- _TASK STATEMENT_
Which lines in the records below contain the word "Black"? Copy each of them.
**** DATASET EXCERPTS ****
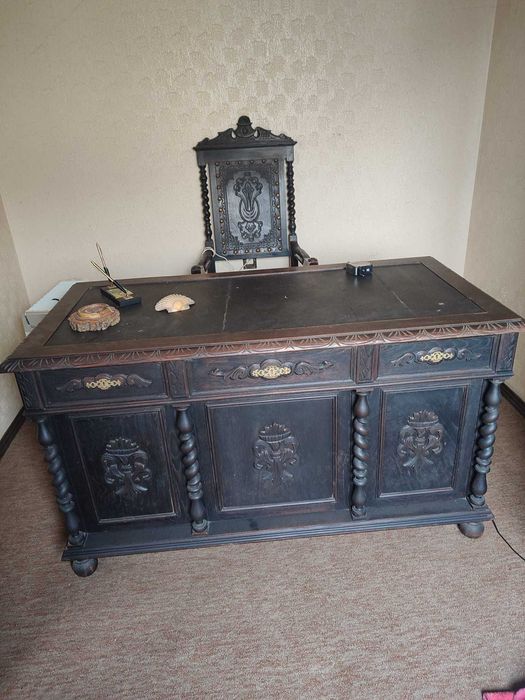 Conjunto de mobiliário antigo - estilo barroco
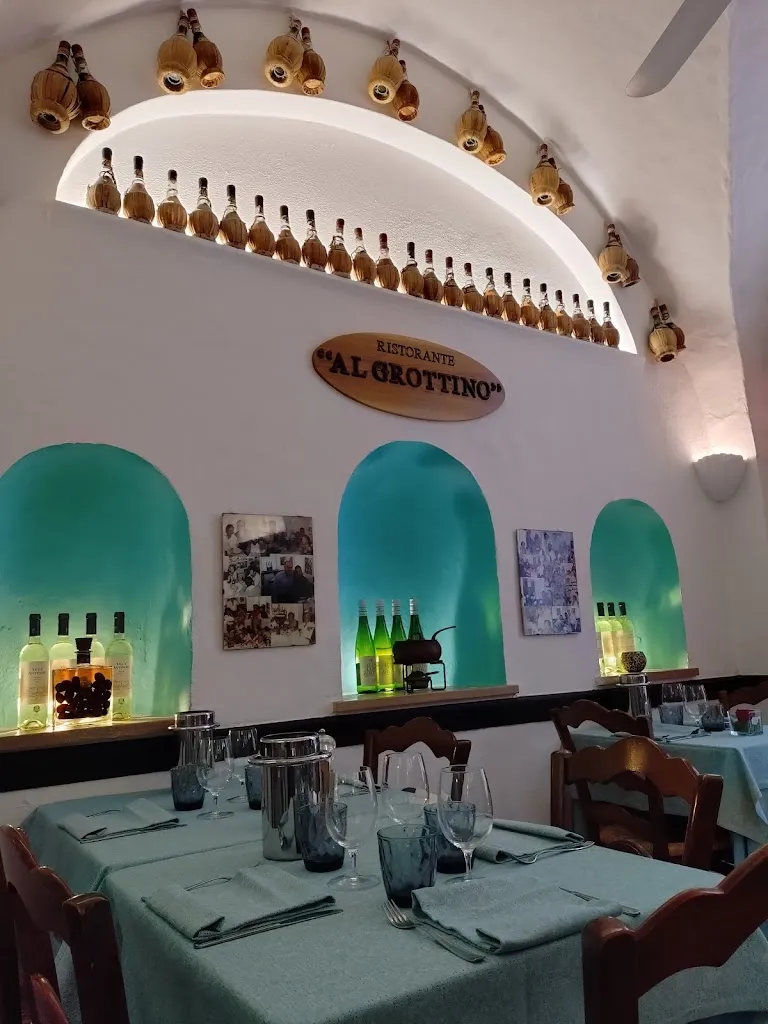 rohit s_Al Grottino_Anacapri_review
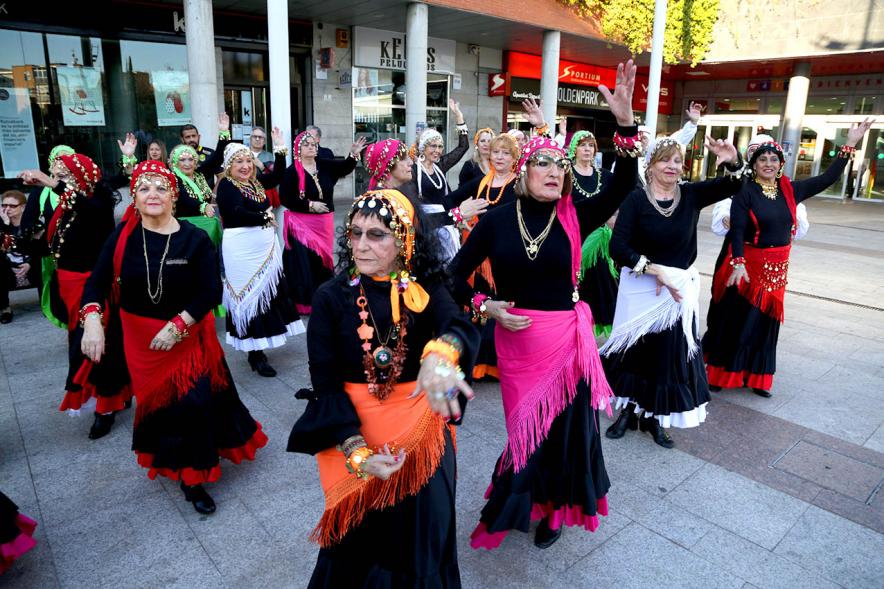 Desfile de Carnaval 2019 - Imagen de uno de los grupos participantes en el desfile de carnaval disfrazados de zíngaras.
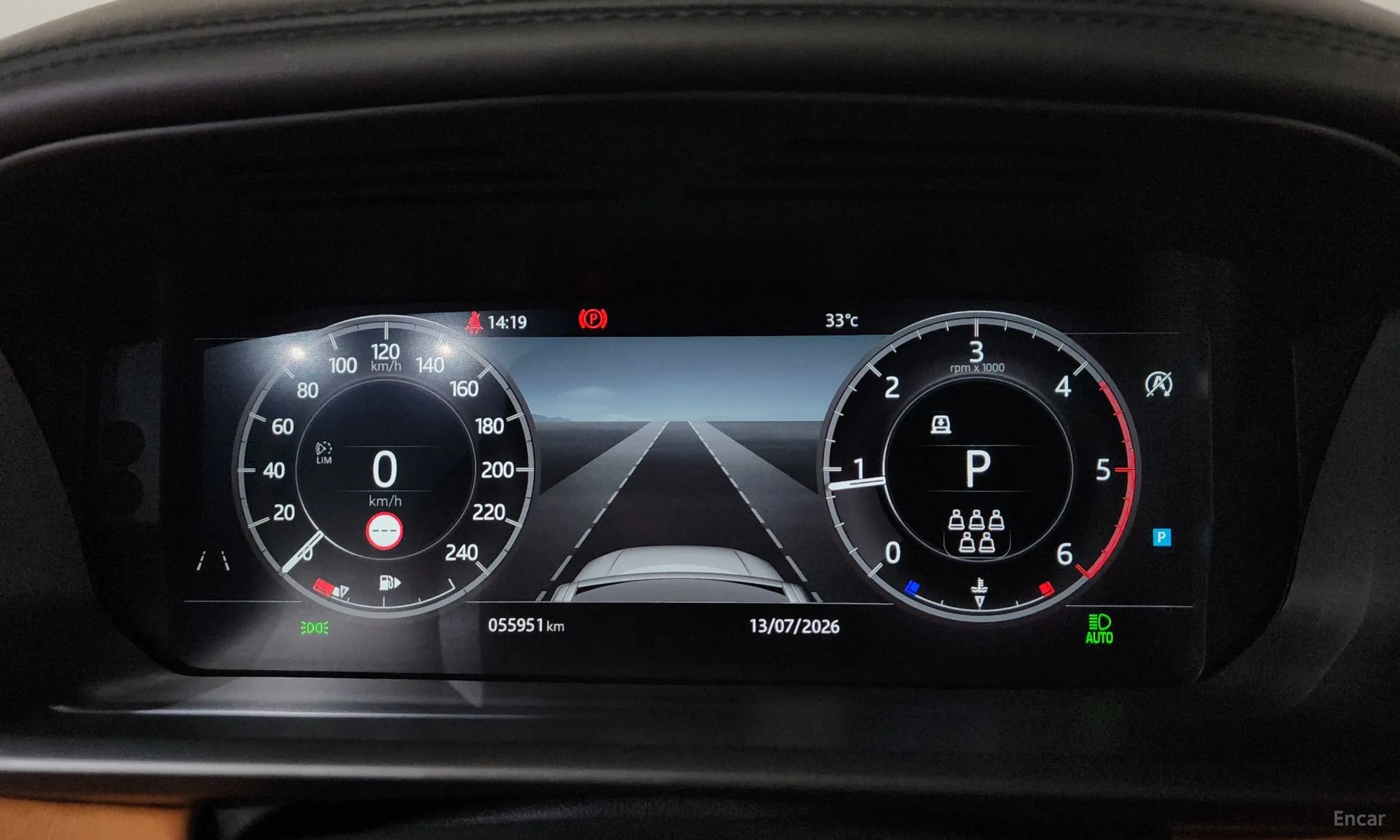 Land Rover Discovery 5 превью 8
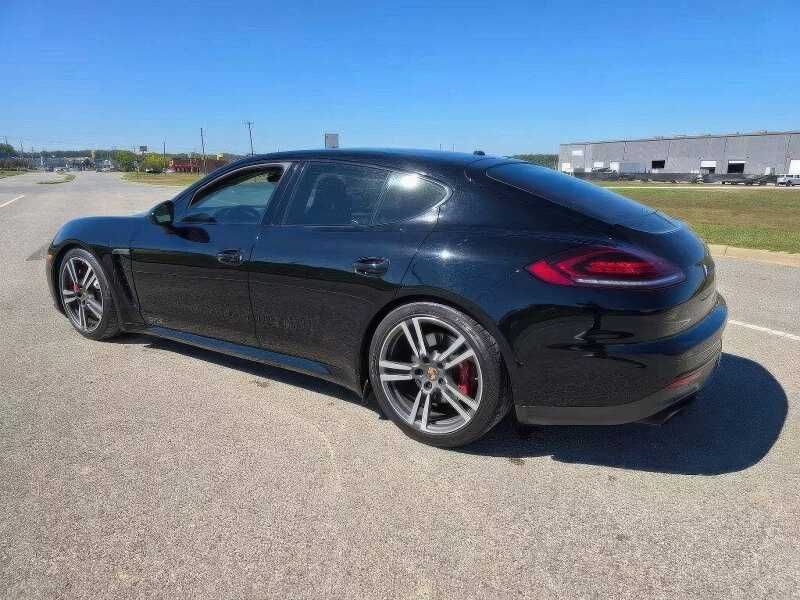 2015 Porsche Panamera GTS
****
**** DATASET EXCERPTS ****
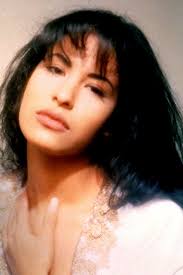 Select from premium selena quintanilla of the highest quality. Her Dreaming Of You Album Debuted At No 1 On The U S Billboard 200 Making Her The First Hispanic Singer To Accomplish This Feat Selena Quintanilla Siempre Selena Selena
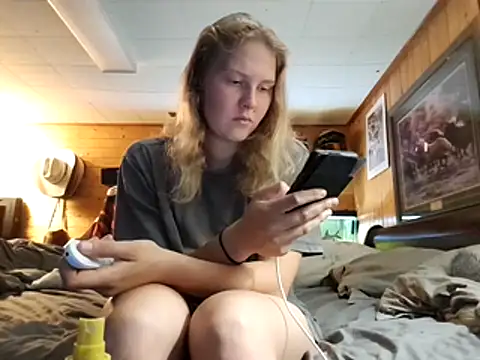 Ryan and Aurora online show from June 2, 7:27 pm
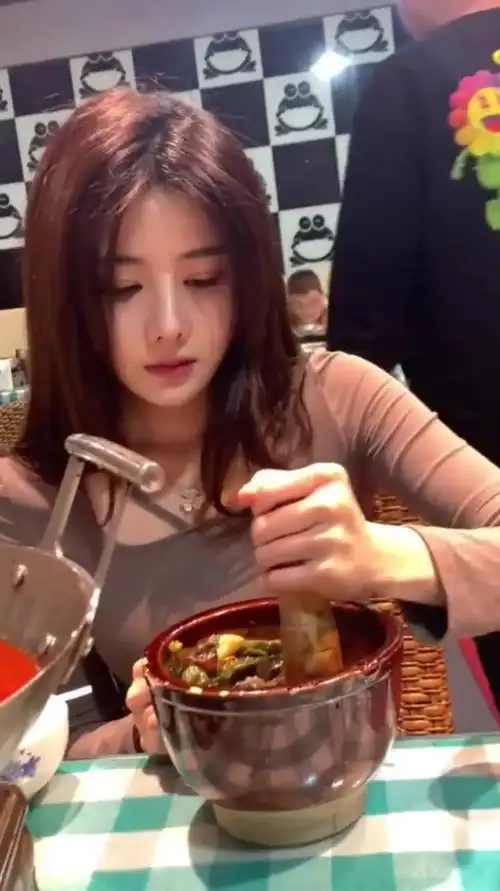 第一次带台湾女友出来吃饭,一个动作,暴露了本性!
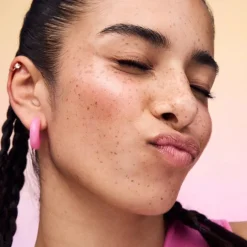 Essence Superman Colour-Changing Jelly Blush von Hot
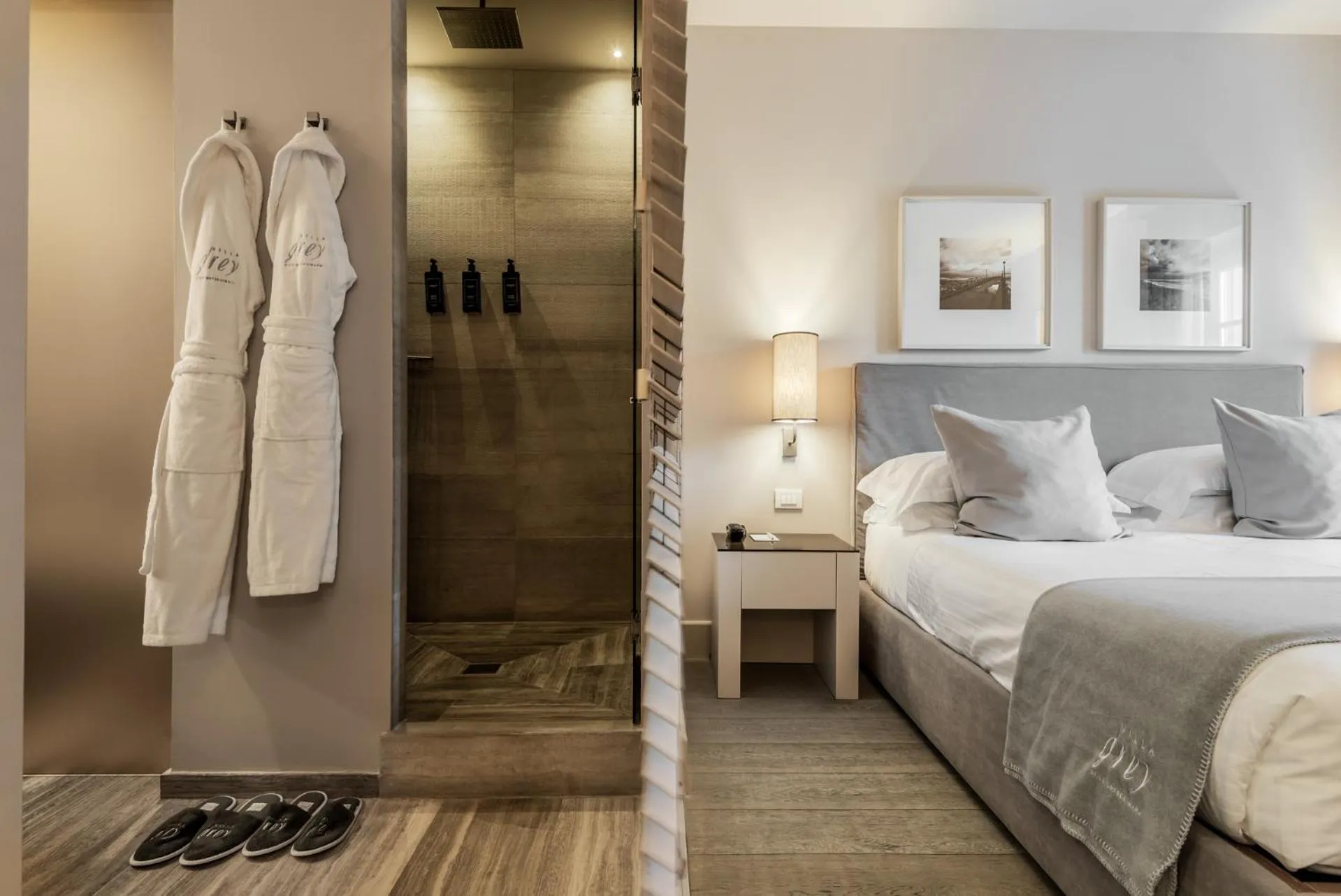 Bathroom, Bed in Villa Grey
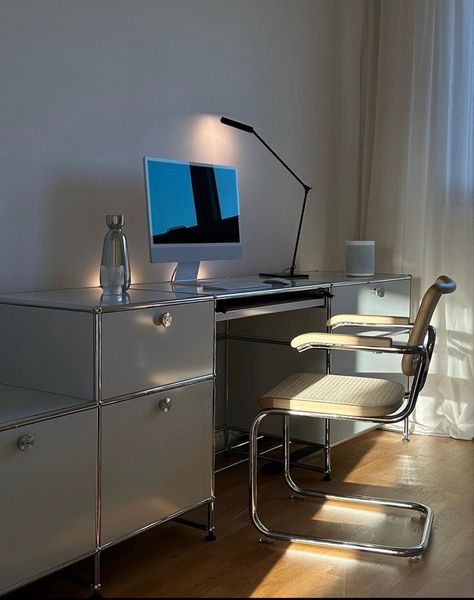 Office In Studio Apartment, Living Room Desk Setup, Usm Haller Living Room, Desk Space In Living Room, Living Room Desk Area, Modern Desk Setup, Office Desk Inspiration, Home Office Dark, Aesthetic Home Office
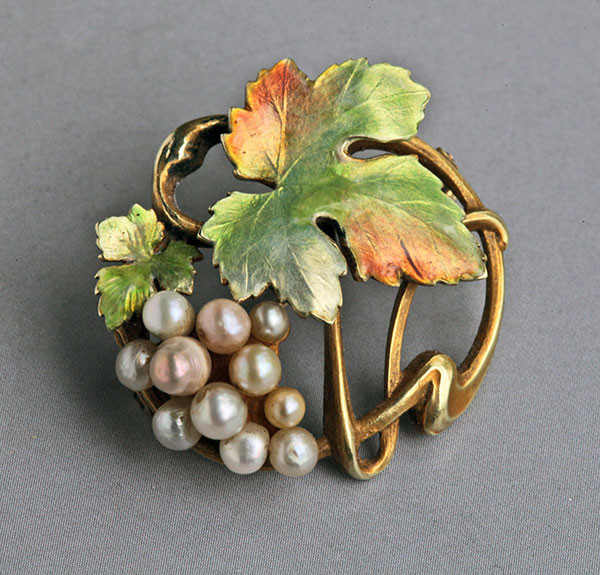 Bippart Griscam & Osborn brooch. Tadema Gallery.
****
**** DATASET EXCERPTS ****
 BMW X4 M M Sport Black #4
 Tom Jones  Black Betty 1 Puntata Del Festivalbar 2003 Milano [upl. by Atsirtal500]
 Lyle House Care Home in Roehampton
****
- _WRITTEN SOLUTION_
 BMW X4 M M Sport Black #4
 Tom Jones  Black Betty 1 Puntata Del Festivalbar 2003 Milano [upl. by Atsirtal500]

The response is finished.